[Beowulf] 512 nodes Myrinet cluster Challanges

Mon May 1 13:18:23 PDT 2006

> On Fri, 28 Apr 2006, David Kewley wrote:
> > By the way, the idea of rolling-your-own hardware on a large cluster,
> > and planning on having a small technical team, makes me shiver in
> > horror.  If you go that route, you better have *lots* of experience
> > in clusters. and make very good decisions about cluster components
> > and management methods. If you don't, your users will suffer
> > mightily, which means you will suffer mightily too.

On Friday 28 April 2006 16:36, Robert G. Brown wrote:
> I >>have<< lots of experience in clusters and have tried rolling my own
> nodes for a variety of small and medium sized clusters. Let me clarify.
> For clusters with more than perhaps 16 nodes, or EVEN 32 if you're
> feeling masochistic and inclined to heartache:
>
> Don't.
>
> Or you will have a really high probability of being very, very sorry.

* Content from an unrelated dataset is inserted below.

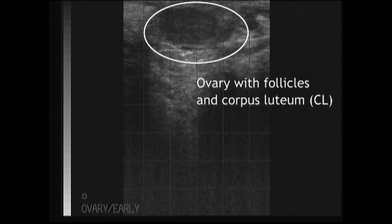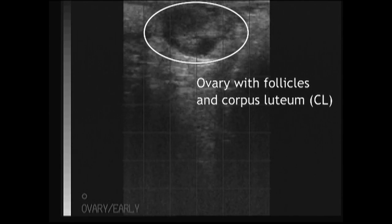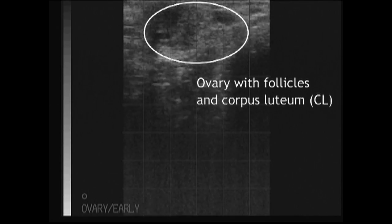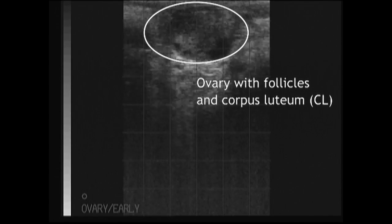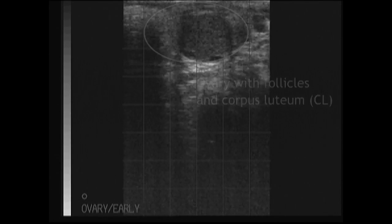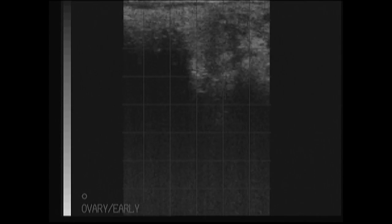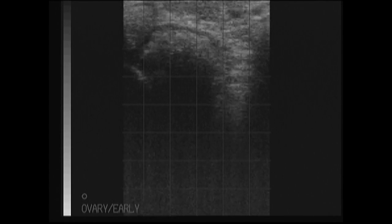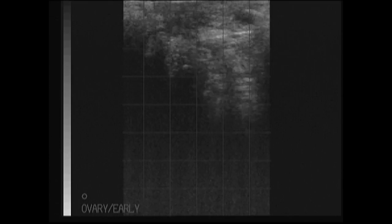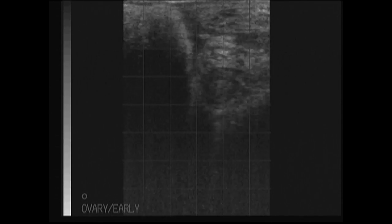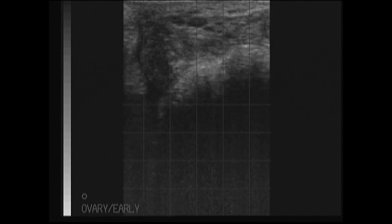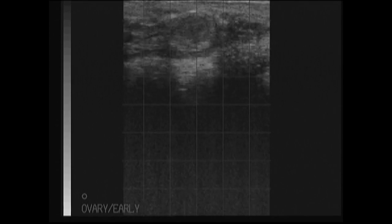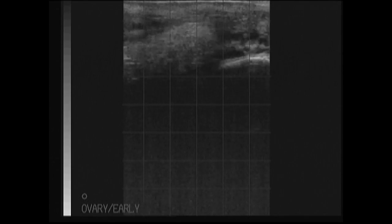We now see the ovary on this side with the presence of follicles — these dark anechoic fluid-filled structures. We also have the presence of a corpus luteum. This gives us an indication that this cow is cycling, and we may choose to use this information to manage this cycle more effectively through the use of hormones such as prostaglandin or its analogues.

On Sunday 30 April 2006 09:42, Mark Hahn wrote:
> I believe that overstates the case significantly.
>
> some clusters are just plain easy.  it's entirely possible to buy a
> significant number of conservative compute nodes, toss them onto a
> generic switch or two, and run the whole thing for a couple years without
> any real effort.  I did it, and while I have a lot of experience, I
> didn't apply any deep voodoo for the cluster I'm thinking of.  it started
> out with a good solid login/file/boot server (4U, 6x scsi, dual-xeon 2.4,
> 1G ram), a single 48pt 100bt (1G up) switch, and 48 dual-xeon nodes
> (diskful but not disk-booting).  it was a delight to install, maintain
> and manage. I originally built it with APC controllable PDUs, but in the
> process of moving it, stripped them out as I didn't need them.  (I _do_
> always require net-IPMI on anything newly purchased.)  I've added more
> nodes to the cluster since then - dual-opteron nodes and a couple GE
> switches.
>
> > For clusters with more than perhaps 16 nodes, or EVEN 32 if you're
> > feeling masochistic and inclined to heartache:
>
> with all respect to rgb, I don't think size is a primary factor in
> cluster building/maintaining/etc effort.  certainly it does eventually
> become a concern, but that's primarily a statistical result of
> MTBF/nnodes.  it's quite possible to choose hardware to maximize MTBF and
> configuration risk.

Ah, so my opinion is midway between Mark's & RGB's.  A very nice place to 
sit. :)

David